The system is illustrated as follows:
I'll go through it in the $z$-domain. First, we find the transfer function $H_1(z) = \frac{V(z)}{X(z)}$. As you noted, in the time domain, $x[n]$ and $v[n]$ are related as follows:
$$ v[n] = x[n] + g * v[n - M] $$
Take the $z$-transform of the above and you get:
$$ V(z) = X(z) + z^{-M}G(z) V(z) $$
taking advantage of the convolution property, which states that $x_1[n] * x_2[n] \Leftrightarrow X_1(z)X_2(z)$, as well as the time-delay property, which states that $x[n-M] \Leftrightarrow z^{-M}X(z)$. Now, we can rearrange terms in the above to get:
$$ H_1(z) = \frac{V(z)}{X(z)} = \frac{1}{1 - z^{-M}G(z)} $$
Now, find the transfer function $H_2(z) = \frac{Y(z)}{V(z)}$. They are related in the time domain as follows:
$$ y[n] = v[n-M] - g * v[n] $$
Take the $z$-transform of the above to yield:
$$ Y(z) = z^{-M} V(z) - G(z)V(z) $$
Rearrange terms again to get:
$$ H_2(z) = \frac{Y(z)}{V(z)} = z^{-M} - G(z) $$
Now, you can get the overall transfer function $H(z)$ by multiplying the two:
$$ \begin{align} H(z) &= H_1(z) H_2(z) = \frac{V(z)}{X(z)}\frac{Y(z)}{V(z)} = \frac{Y(z)}{X(z)} \\ &= \frac{1}{1-z^{-M}G(z)} \left(z^{-M} - G(z)\right) \\ &= \frac{-G(z) + z^{-M}}{1-z^{-M}G(z)} \end{align} $$
which has some nice symmetry to it.
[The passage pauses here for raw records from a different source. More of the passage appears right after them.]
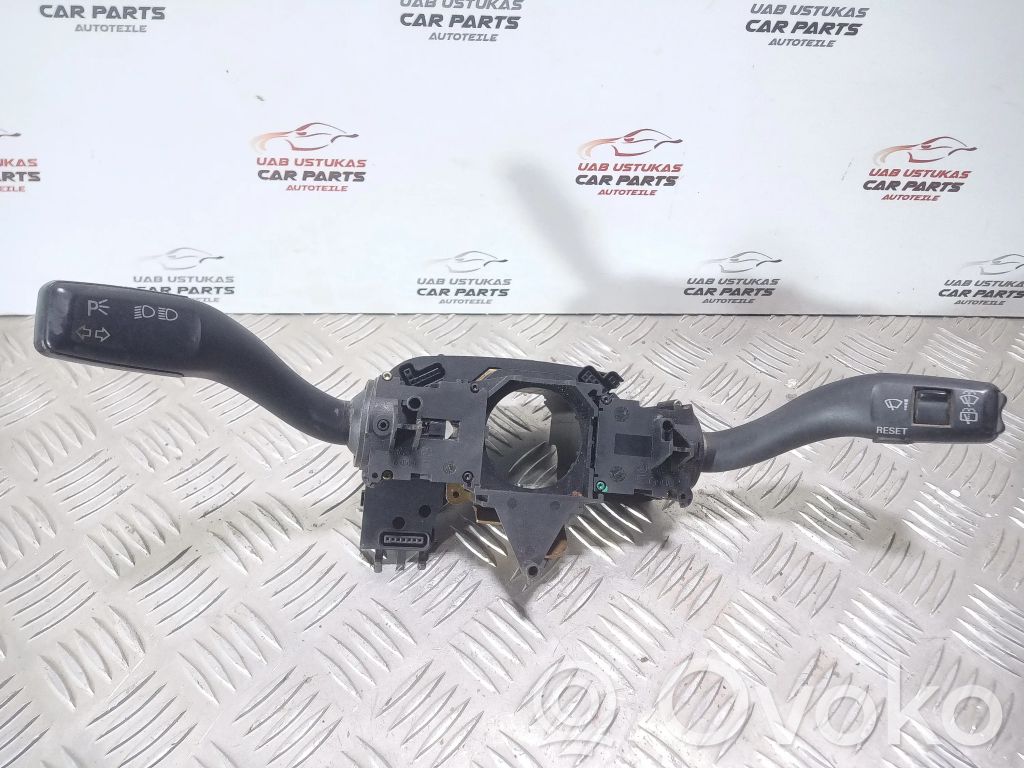 Audi A4 S4 B6 8E 8H Commodo, commande essuie-glace/phare 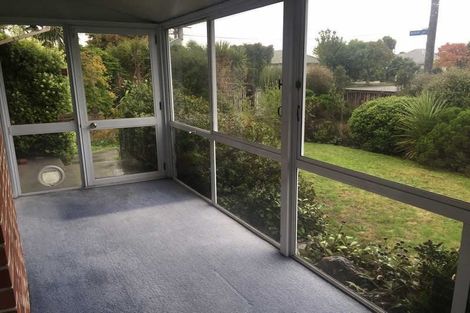 Photo of property in 8 Farrington Avenue, Bishopdale, Christchurch, 8053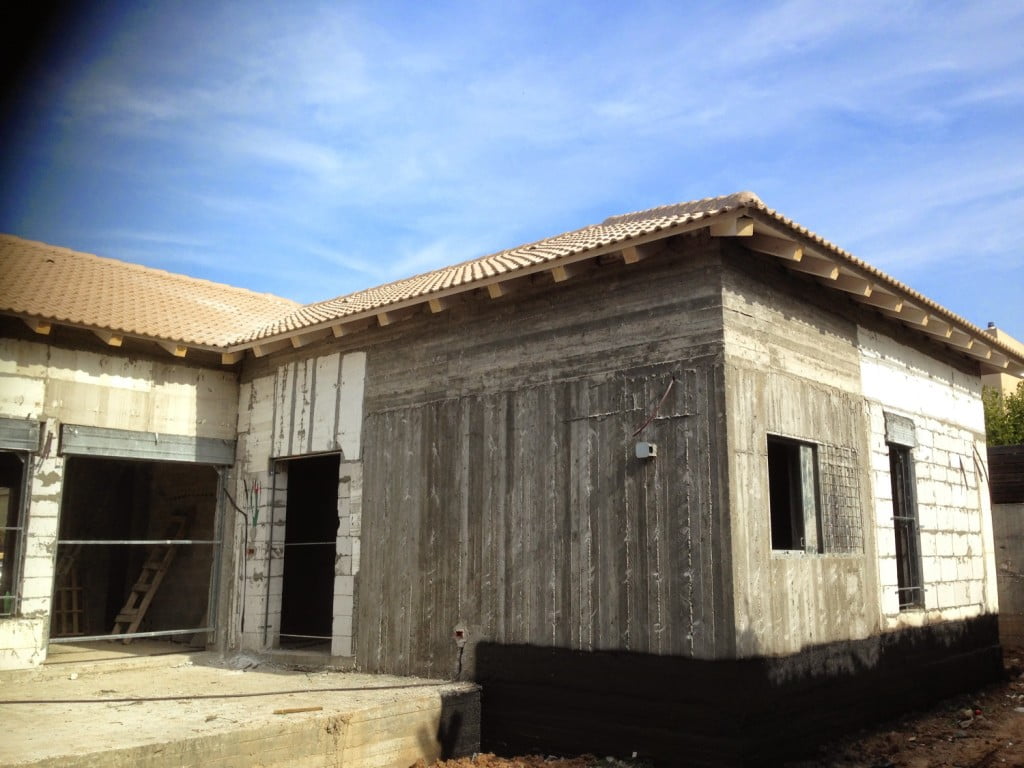 גג רעפים כפרי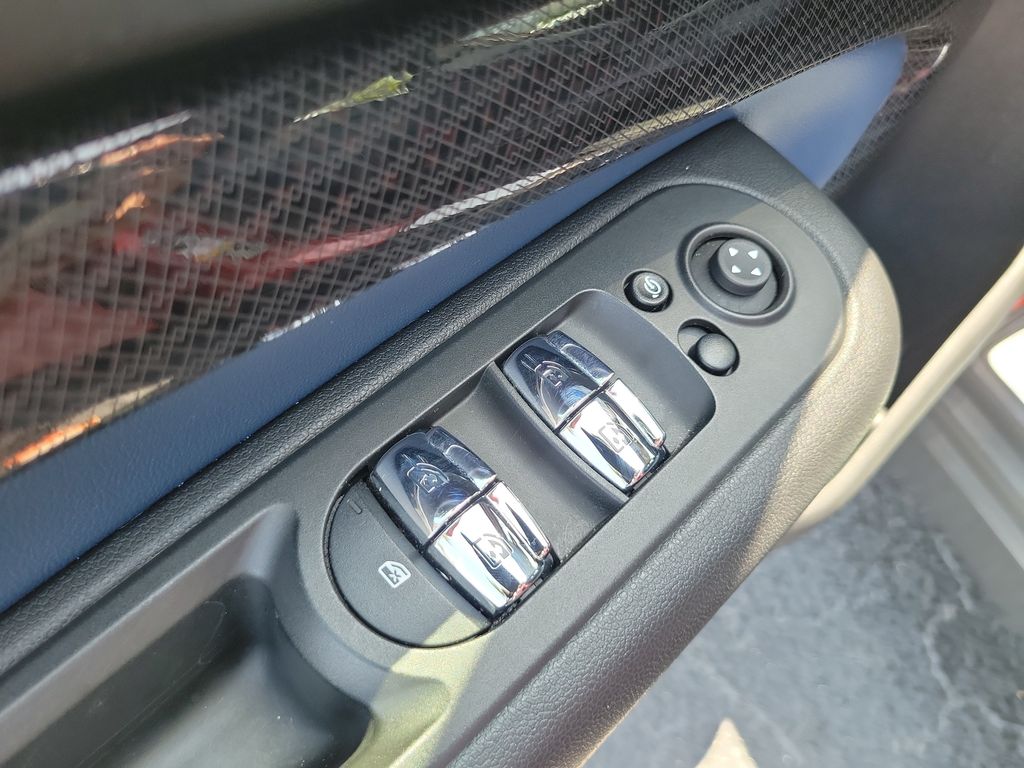 2023 MINI Clubman S - Photo 14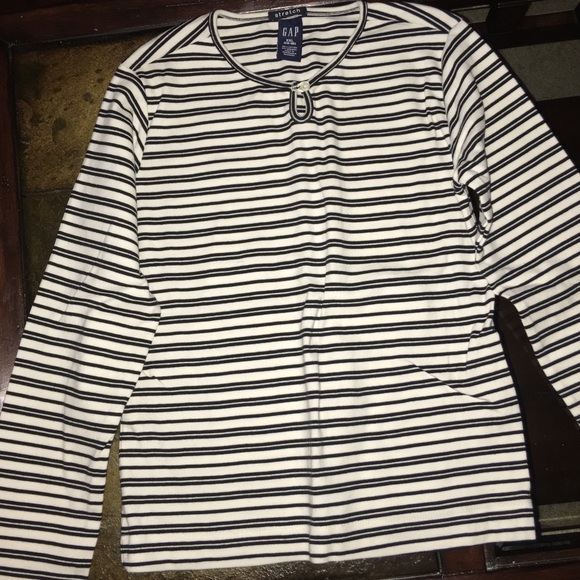 Gap tee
The overall response will be dependent upon the system $g$ in the feedback path. If you want to evaluate the frequency response, just let $z = e^{j\omega}$:
$$ H(\omega) = \frac{-G(\omega) + e^{-j\omega M}}{1-e^{-j\omega M}G(\omega)} $$
As a side note: this contraption is known as a Schroeder-Allpass (see for example https://ccrma.stanford.edu/~jos/pasp/Schroeder_Allpass_Sections.html) and often used in creating artificial reverb. For M=1 (i.e. a single sample delay), it degenerates into a regular first order all pass.
Replacing the single tab with a multi-tab delay still maintains the overall all pass shape but with a phase that's "compressed" and "repeated" and hence a much larger group delays. This is actually true for any all pass: if you replace all delays inside an all pass structure with different delays or even all passes, the whole contraption stays an allpass. That is simply a function of the Z transform.